I’m holding my breath again. He sounds different than before. I suspect this story is less hypothetical than he led me to believe, and I scramble to listen, inspecting every word and the picture they paint. Domino believes himself to be that boy, I think. He made a deal with the devil—Jaguar?
And now he’s paying the price.
“So to cancel your debt, you sacrifice me?” I ask him, gathering the nerve to meet his gaze. I expect to find the same bold, mocking man I’ve been battling with all morning, poised to deliver an insult at my expense.
“No.”
The figure I’m faced with now is a man I’ve almost forgotten he used to be these past few days. The stoic, cold Domino Valenciaga with a wealt
h of secrets hidden behind that searching stare. Even without the aid of his cowboy hat, his mystery returns in full force—and I can’t escape the feeling that I’m only seeing a fraction of the real danger he’s thrust me into. Only what he wants me to see.
“No, Ada-Maria.” He plunges his hand beneath the water’s surface, skirting my parted legs, to withdraw the rag. Deliberately, he takes time wringing out every drop of moisture from it. “You haven’t been paying attention. If selling your cunt could save the world, Tristan Lucas would be a very happy, very alive, and very wealthy man. You have value only to the right people. The right kind of men.”

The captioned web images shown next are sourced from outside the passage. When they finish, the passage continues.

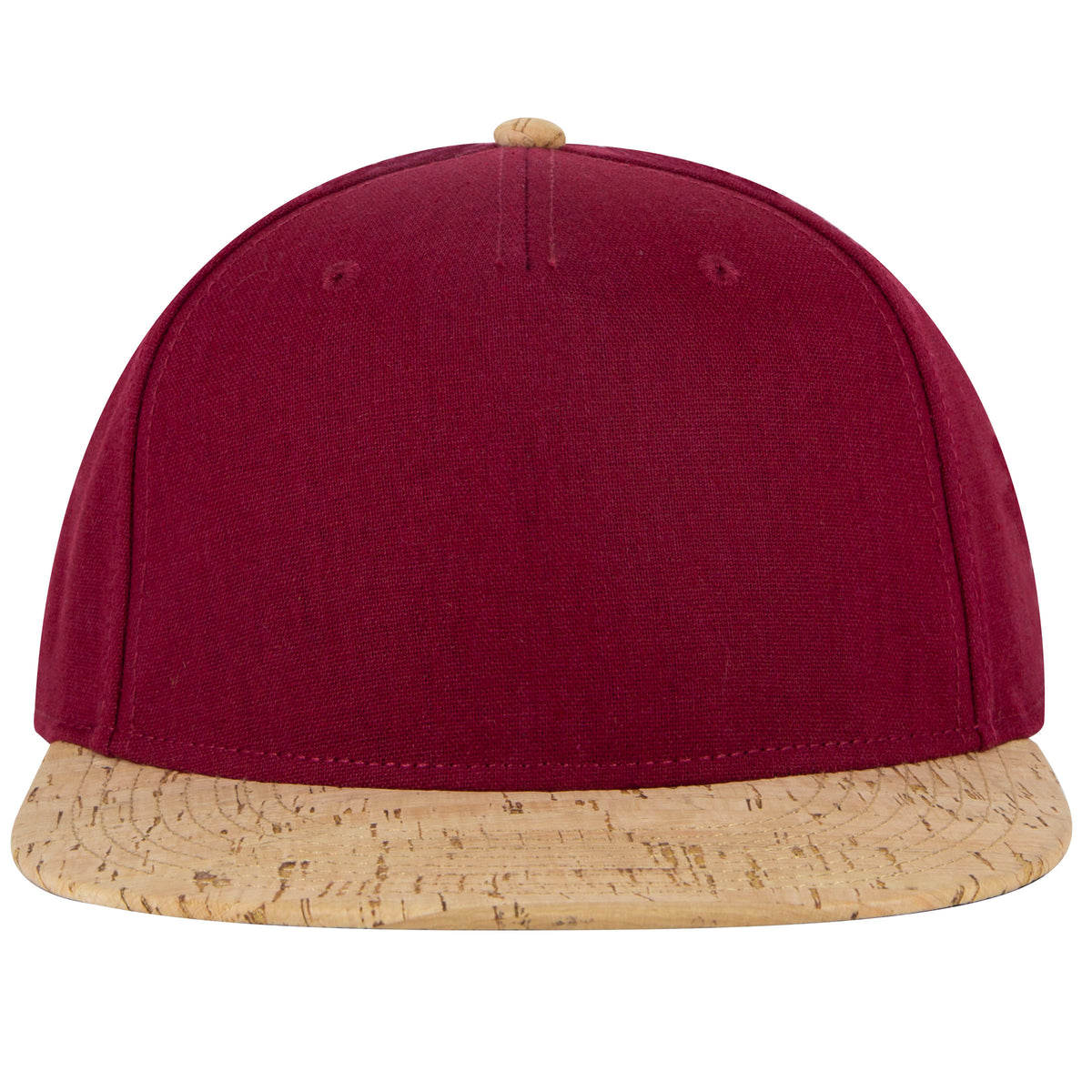 OTTO CAP "OTTO SNAP" 5 Panel Pro Style Snapback Hat OTTO 158-1176 Otto Cap 11219 - Cork/Bg Mrn OSFM - Adult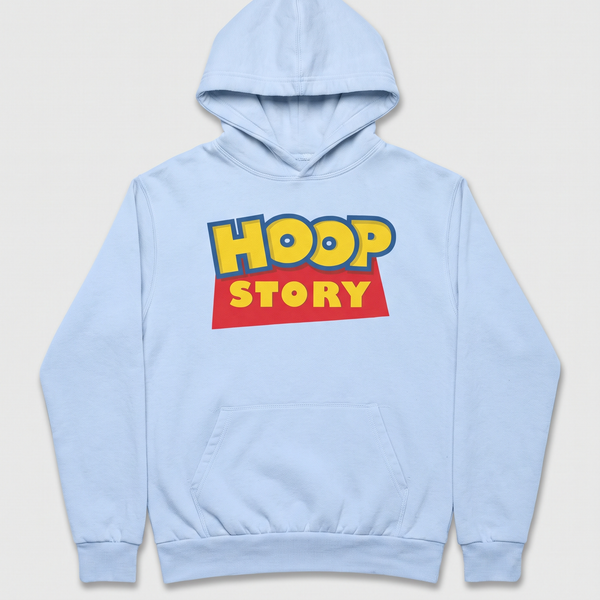 Youth Hoop Story Hoodie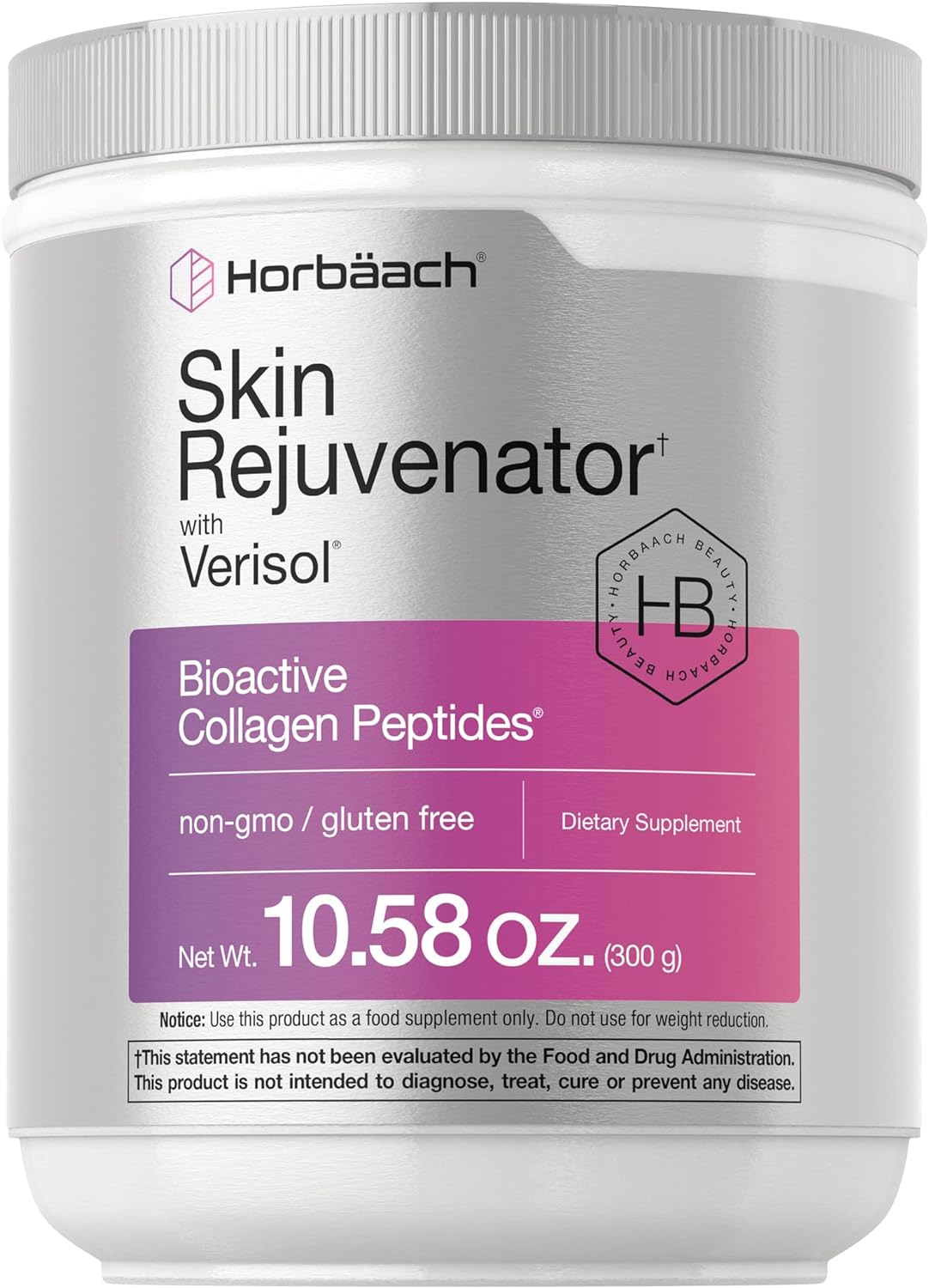 Skin Rejuvenator with Verisol 10.58 oz | Bioactive Collagen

I’m more frustrated than ever. It feels like he’s spinning me around and around, taking immense satisfaction in watching me squirm and question. He loves keeping me blind and off-balance.
What’s the point of even attempting to resist him? Why not give him exactly what he wants?
“I want you to protect me,” I ask him directly. “I’m asking you to.”
I expect him to grin evilly over the prospect of me pleading for help. Instead, he frowns, his eyes narrowing.
“I was wrong,” he says, rising to his feet. “Begging doesn’t look good on you. Get up.”
I obey, letting him dry me off and dress me in the outfit he procured from the closet—a black dress with spaghetti straps and a neckline low enough to rival Alexi’s.
I wonder where she is. Has she left now that Jaguar is arriving? Was she the one who called him in the first place?
“I’m sorry if I caused a rift between you and your little friend,” I say, as he withdraws from me and heads for the hall.
“Don’t be.” The look he shoots over his shoulder is eerily calm. Composed. Too composed when paired with his rage from last night. “You did exactly what was expected of you.”
He leaves without grunting out a command, and I don’t race to follow him. Damn the smug bastard. He has my head spinning again. Just what was he hinting at? That he knew I would lose my cool around Alexi and blow up his little plan? Then why tell me to keep quiet in the first place?